Las incidencias del festival iban por delante
de la política y de la sociedad. Fue, en
muchas ocasiones, una llamada de atención,
un pronunciamiento en favor de la libertad.
Esta
edición de los cincuenta años
debe ser toda una celebración que abarque,
no solo el mejor cine, sino también la
memoria del pasado y la proyección del
futuro. En la línea existente la selección
debe ser la mejor posible, tanto en las películas
que vayan a concurso, y esperemos que el cine
español tenga en cuenta esta fecha, como
los ciclos que se preparen. En mi opinión
debe primar lo cualitativo sobre lo cuantitativo.

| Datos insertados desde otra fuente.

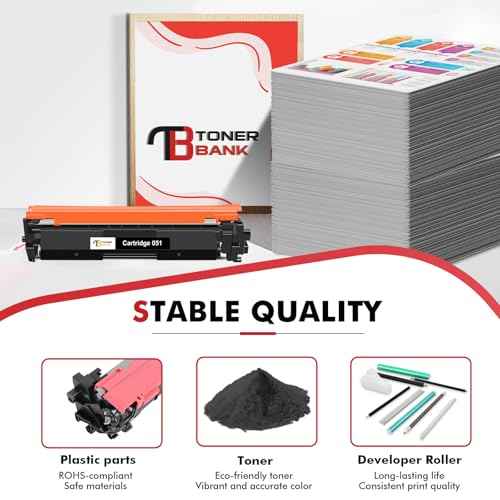 051 MF264DW Toner Cartridge Compatible for Canon Toner Cartridge 051 CRG-051 051H CRG-051H for imageCLASS MF264dw MF269dw MF267dw LBP162dw MF266dn MF263dn LBP161dn Printer 2-Pack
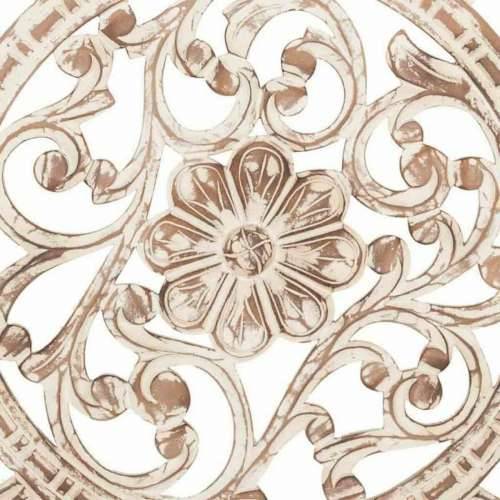 Zidni Ukras Alexandra House Living Smeđa Drvo MDF 2 x 90 x 90 cm Cijena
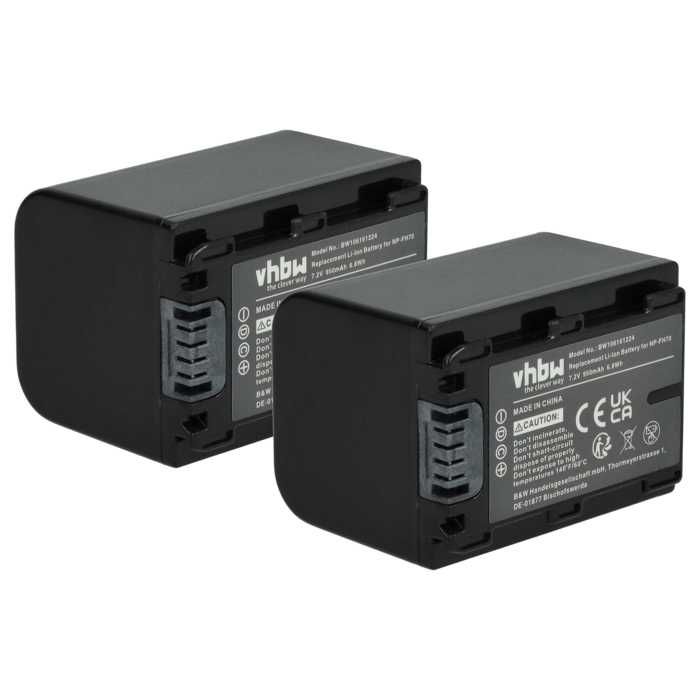 Batterie Sony HDR-PJ10|Videocamera Batteria per Sony HDR-PJ10|Italia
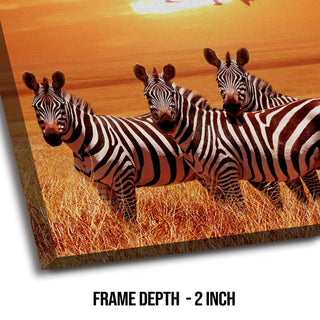 Large Wildlife Canvas Wall Art Painting for Living Room, Home, and Office (WBWA80).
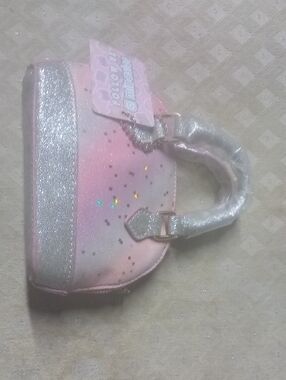 Pink Glitter Star Mini Tote Bag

La borrachera de filmes impide la reflexión
y el diálogo.
Esta
celebración debe tener como parte importantísima
al público, ese espectador que ha sostenido
al festival durante todos estos años,
con mayor o menor entusiasmo, según las
épocas y circunstancias. Los realizadores,
actores y demás gente del cine que acudan
a la cita tendrían que dialogar con quienes
les aplauden y les halaban o, incluso, les discuten.
Por
otra parte, el cine no debe cerrarse en si mismo.
Muy al contrario, su relación con las
demás artes es esencial y cada vez más
profunda. Las gentes de la cultura de la ciudad
y de la comunidad deberían participar
en esta celebración. El cine como expresión
de la cultura como totalidad.
Por
último, el homenaje a los que han hecho
posible estos cincuenta años de cine
debe completarse con visión de futuro,
abriendo el festival a gente joven de Valladolid
y de la comunidad de Castilla y León,
que han demostrado no solo su conocimiento del
cine y su capacidad para escribir sobre él,
sino también, en cuestiones organizativas
complejas.
La
probada profesionalidad del equipo directivo
de la Semana no se vería en ningún
momento conculcada por una savia nueva que pudiera
cubrir algunos aspectos de este cine plural
y cada vez más universal en la creación,
aunque más reducido en la exhibición.
Conservar
el esencial apoyo de las distribuidoras es un
punto positivo, como también buscar esos
aires nuevos que el Festival ha ido acumulando
durante estos largos años de vida que
han conducido al éxito del momento presente.